Your assignment — Restate the data exactly as given and keep the pictures out.

[Start of Attachment]

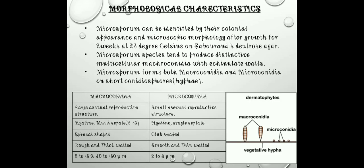Next, the morphological characteristics. Microsporum can be identified by their colonial appearance and microscopic morphology after growth of 2 weeks at 25 degrees Celsius on Sabouraud's dextrose agar, also called SDA. Sabouraud's dextrose agar is the selective media for the growth of fungi. Microsporum species tend to produce distinctive multicellular macroconidia and accumulated walls. Microsporum forms both macroconidia and microconidia on short conidiophores, i.e., hyphae.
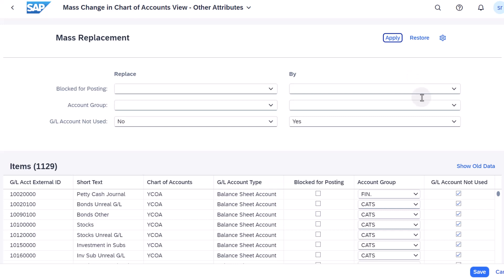All other accounts that do not belong to the banking relevant account groups are now marked as Not Used and are not transported to the Test and Productive system. However, all accounts remain in the development system in case you want to change anything later.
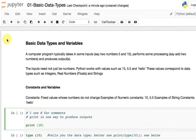Hello, welcome to this tutorial on Python. In this tutorial, we will talk about the very basics of the Python programming language, and we will be talking about basic data types, variables, and some operations.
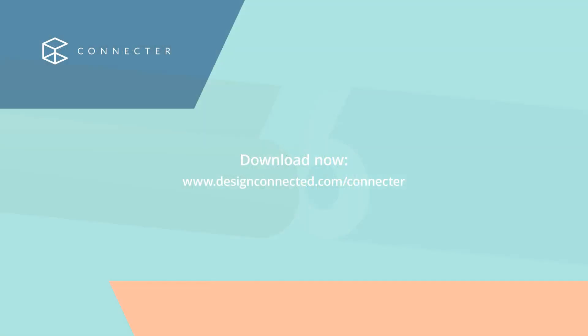That wraps up our overview of the collections feature. It unlocks a number of different workflows, which we will continue to explore in the future.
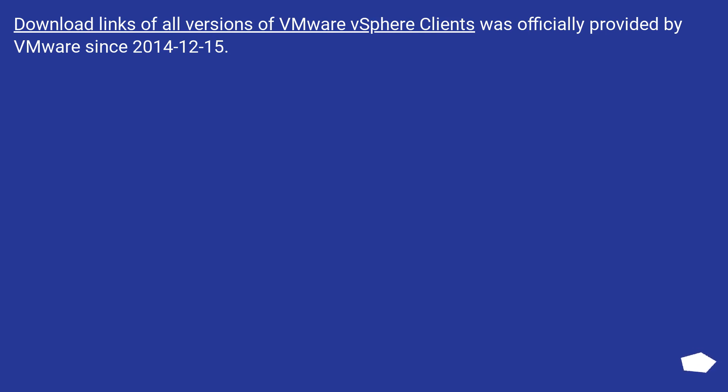Download links of all versions of VMware vSphere Clients were officially provided by VMware since the 15th of December 2014.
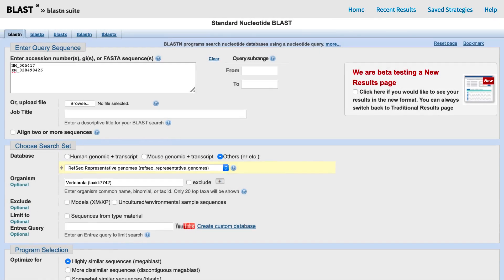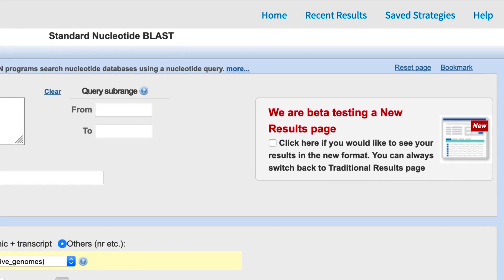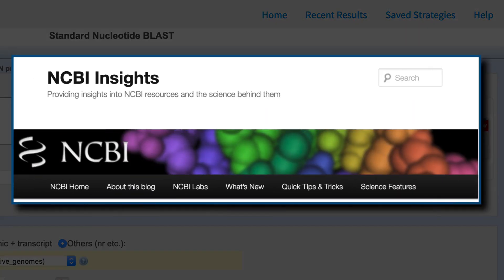We are introducing a new WebBLAST results page that is currently in beta testing. The new format is part of a BLAST Labs initiative that allows you to participate in improving BLAST. You can read more about this Labs experiment in our NCBI Insights blog.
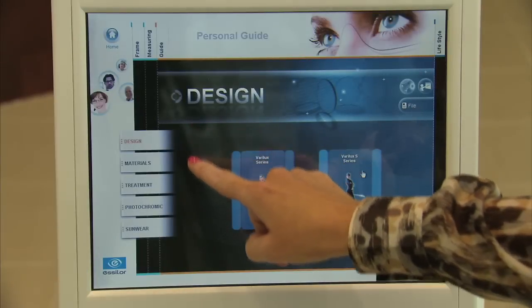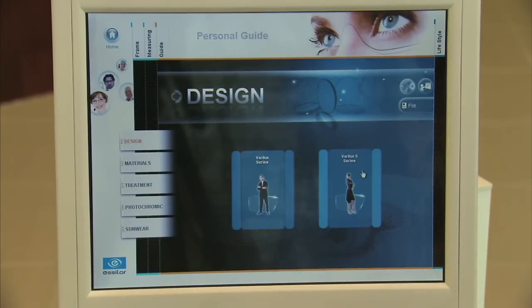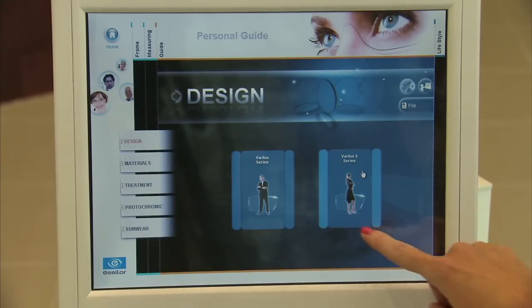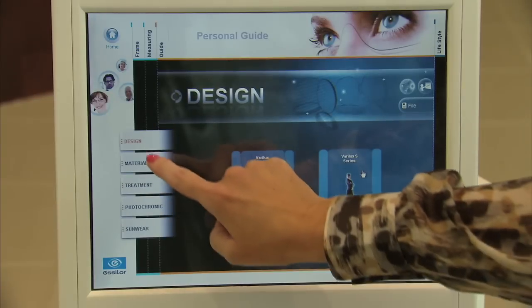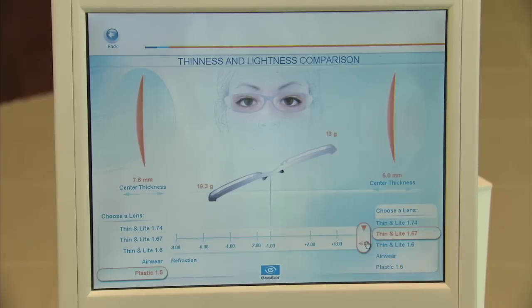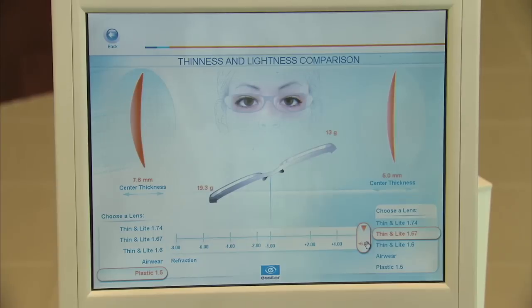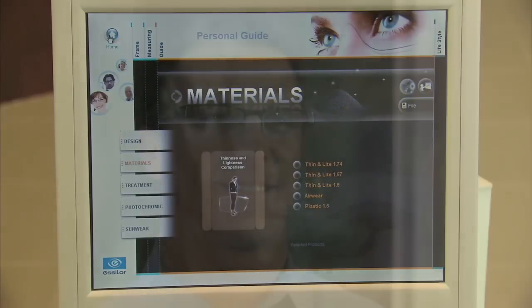Using the guide section, the ECP can educate the patient on common vision needs and solutions, as well as reinforce the personalized recommendation for the patient. Through the videos and demos, the ECP can show the patient the benefits of Varilux designs, Crizal no-glare lenses, high index materials, and Xperio polarized lenses. Using the patient's own recorded measurements, the demos can be customized for the specific visual needs of the patient.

[End of Attachment]

Written answer —
Next, the morphological characteristics. Microsporum can be identified by their colonial appearance and microscopic morphology after growth of 2 weeks at 25 degrees Celsius on Sabouraud's dextrose agar, also called SDA. Sabouraud's dextrose agar is the selective media for the growth of fungi. Microsporum species tend to produce distinctive multicellular macroconidia and accumulated walls. Microsporum forms both macroconidia and microconidia on short conidiophores, i.e., hyphae.
All other accounts that do not belong to the banking relevant account groups are now marked as Not Used and are not transported to the Test and Productive system. However, all accounts remain in the development system in case you want to change anything later.
Hello, welcome to this tutorial on Python. In this tutorial, we will talk about the very basics of the Python programming language, and we will be talking about basic data types, variables, and some operations.
That wraps up our overview of the collections feature. It unlocks a number of different workflows, which we will continue to explore in the future.
Download links of all versions of VMware vSphere Clients were officially provided by VMware since the 15th of December 2014.
We are introducing a new WebBLAST results page that is currently in beta testing. The new format is part of a BLAST Labs initiative that allows you to participate in improving BLAST. You can read more about this Labs experiment in our NCBI Insights blog.
Using the guide section, the ECP can educate the patient on common vision needs and solutions, as well as reinforce the personalized recommendation for the patient. Through the videos and demos, the ECP can show the patient the benefits of Varilux designs, Crizal no-glare lenses, high index materials, and Xperio polarized lenses. Using the patient's own recorded measurements, the demos can be customized for the specific visual needs of the patient.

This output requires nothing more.